Renewi fell 4.3 per cent after the waste-to-product company said it would take an impairment charge following the review of contracts in its UK municipal division.
GVC Holdings rose 5 per cent after the online gambling firm saw full-year net gaming revenue rise 17 per cent in 2017, helped by gains from the bwin.party businesses it bought three years ago. GVC is set to take over Britain's largest bookmaker Ladbrokes Coral.
BAE Systems rose 2.2 per cent, helped by the finalisation of talks between Britain and Saudi Arabia on a multi-billion pound order for 48 Typhoon aircraft made by the defence contractor.
The strong jobs report out of the US boosted European shares. The pan-European STOXX 600 was up 0.4 per cent by the close. Interest-rate sensitive high dividend-paying stocks such as Unilever, Nestle and British American Tobacco were among the top boosts to the STOXX 600.
While the basic resources sector was the best-performing, steelmakers were notable laggards: Voestalpine, Outokumpu and Arcelormittal fell 0.6 to 1.5 per cent after the new US tariffs.
Industrials stocks, which had been the worst hit by fears of an international trade war, were the biggest boost to the index as the worst-case scenario was averted by Trump accepting exemptions to the steel and aluminium tariff.
Airbus gained 1.3 per cent, while oil services stocks also rose as crude prices gained on signs of a detente between the US and North Korea. TechnipFMC rose 4.4 per cent to the top of the CAC 40, while Wood Group rose 3.8 per cent. A number of corporate updates were badly received by investors, however. Shares in Lagardere, the French media group behind Paris Match and Europe 1 radio, suffered the biggest decline on the Stoxx, down 7.3 per cent after disappointing annual results. French energy services and electrical engineering company Spie lost 5.5 per cent after its margin outlook for 2018 disappointed investors.

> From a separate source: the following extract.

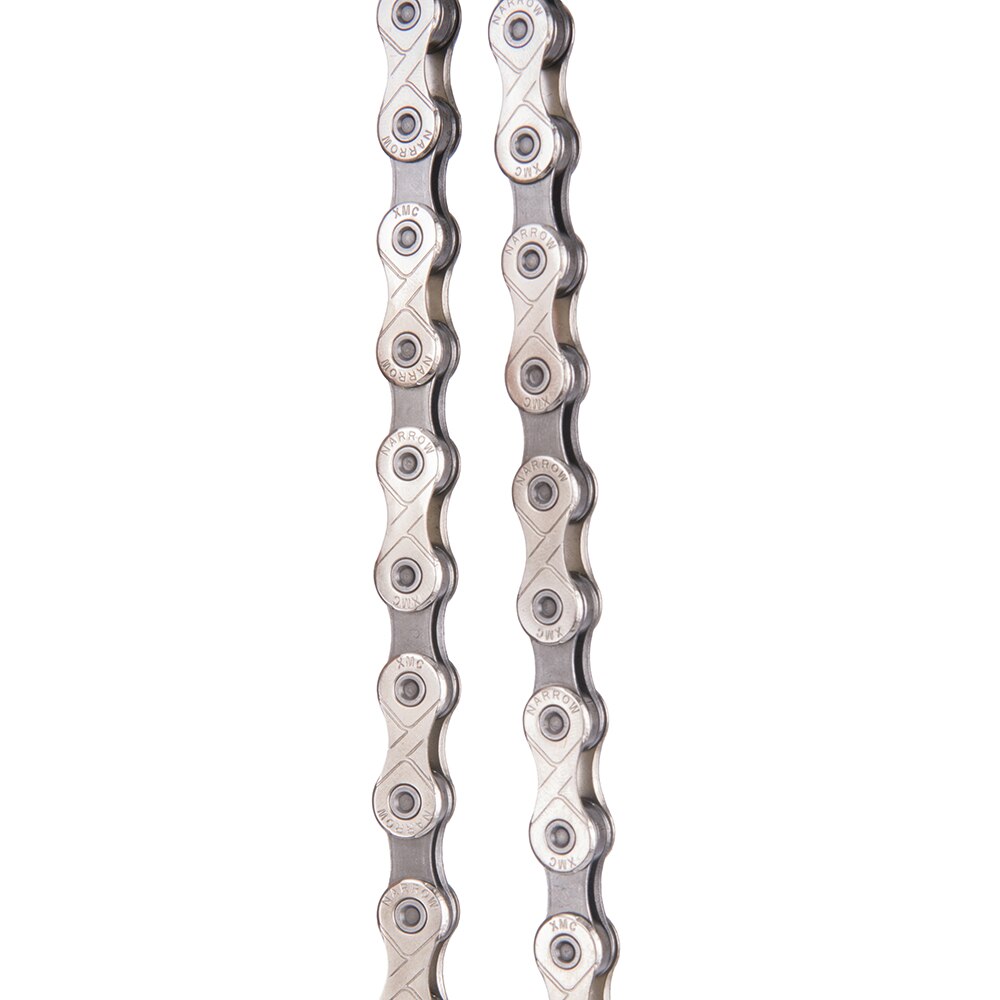 Ztto 11 S 22 S 33 S 11 Speed Ketting Voor Mtb Mountainbike Racefiets Duurzaam Zilver grijs Chain Voor Onderdelen K7 Systeem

Lufthansa shares fell 5.7 per cent after the airline reported February passenger data. The stock had its worst day in four weeks after the passenger yield came in lower than expected.
Germany’s DAX was a laggard, down 0.1 per cent after the country’s industrial output fell unexpectedly for the second month in a row.
In early trading the Dow Jones industrial average was up 327.75 points, or 1.32 per cent; the S&P 500 gained 34.78 points, or 1.27 per cent. The Nasdaq Composite was up 98.82 points, or 1.33 per cent, at 7,526.76. The index touched a record high of 7,531.47.
While the Dow is up 8 per cent from the February lows, it remains about 5 per cent off record highs seen in January. The S&P is about 3 per cent off its January record highs, but up more than 9 per cent from last month’s lows.
Yet the bull run appears poised to set the record as the longest in history, buoyed by global economic growth and stronger company earnings. Friday's gains were broad-based, with Microsoft and Apple giving the biggest boost to the S&P and Nasdaq.
Among bigger movers, toymakers Hasbro and Mattel were lower after sources told Reuters that retailer Toys 'R' Us is preparing for a potential liquidation.
Tesla fell 1.2 per cent following the exit of its chief accounting officer and a Morgan Stanley note on rising competition. Goldman Sachs Group shares were up 1 per cent after the Wall Street Journal reported Lloyd Blankfein is preparing to step down as the bank's chief executive as soon as the end of the year.